Auf der Insel der Einsamkeit hatte ich mich von allen und allem zurückgezogen und den Kontakt zu meinen Freunden abgebrochen. Das Festland der Gemeinschaft war kilometerweit entfernt und von Tag zu Tag wuchs die Distanz. Anfangs war ich froh darüber, meine Ruhe zu haben und nicht gestört zu werden. Doch allmählich wurde ich der Einsamkeit überdrüssig.
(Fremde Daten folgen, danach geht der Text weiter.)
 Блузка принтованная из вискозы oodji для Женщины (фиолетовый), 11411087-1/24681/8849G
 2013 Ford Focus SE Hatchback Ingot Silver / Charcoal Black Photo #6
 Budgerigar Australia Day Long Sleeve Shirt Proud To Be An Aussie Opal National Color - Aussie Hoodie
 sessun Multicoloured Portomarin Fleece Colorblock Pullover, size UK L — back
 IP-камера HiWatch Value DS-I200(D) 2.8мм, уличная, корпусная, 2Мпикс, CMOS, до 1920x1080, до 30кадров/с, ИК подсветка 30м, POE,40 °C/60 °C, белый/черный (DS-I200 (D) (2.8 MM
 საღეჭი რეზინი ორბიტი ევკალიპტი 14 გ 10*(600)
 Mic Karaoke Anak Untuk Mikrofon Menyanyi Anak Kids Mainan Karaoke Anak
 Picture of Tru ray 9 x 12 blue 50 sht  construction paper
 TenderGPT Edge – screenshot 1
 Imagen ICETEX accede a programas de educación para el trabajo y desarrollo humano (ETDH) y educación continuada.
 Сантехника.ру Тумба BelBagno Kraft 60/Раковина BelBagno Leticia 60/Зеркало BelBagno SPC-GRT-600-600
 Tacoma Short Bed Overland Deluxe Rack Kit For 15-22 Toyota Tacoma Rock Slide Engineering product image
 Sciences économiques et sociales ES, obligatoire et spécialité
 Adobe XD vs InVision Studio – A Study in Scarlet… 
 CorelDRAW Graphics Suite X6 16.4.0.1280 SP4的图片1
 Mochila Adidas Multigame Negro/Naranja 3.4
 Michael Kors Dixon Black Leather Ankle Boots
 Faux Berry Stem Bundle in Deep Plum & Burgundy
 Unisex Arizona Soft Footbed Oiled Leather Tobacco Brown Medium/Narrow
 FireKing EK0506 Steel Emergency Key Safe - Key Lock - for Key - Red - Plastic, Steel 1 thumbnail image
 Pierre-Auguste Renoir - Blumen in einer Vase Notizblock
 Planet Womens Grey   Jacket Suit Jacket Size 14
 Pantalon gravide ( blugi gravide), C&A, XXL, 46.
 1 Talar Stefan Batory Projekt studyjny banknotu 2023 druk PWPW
Ich beschloss, mein Leben zu ändern und wieder Verbindungen aufzubauen. Dazu musste ich zum Festland der Gemeinschaft übersetzen. Mein kleines Boot sollte mich dahin bringen. Doch der Weg war gefährlich und ich hatte keine Erfahrung, diesen zu überwinden. Ich benötigte mehrere Anläufe, um überhaupt in der Nähe der anderen Menschen zu gelangen. Wann immer ich mich jedoch dem Ufer näherte, hörte ich die Fremden rufen: „Schaut dieser Verrückte dort hinten. Das ist doch der Inselbewohner. Was mag der nur von uns wollen? Das ist doch keiner mehr von uns.“ Das machte mich mutlos und unendlich traurig. Ich traute mich nicht, das Land zu betreten.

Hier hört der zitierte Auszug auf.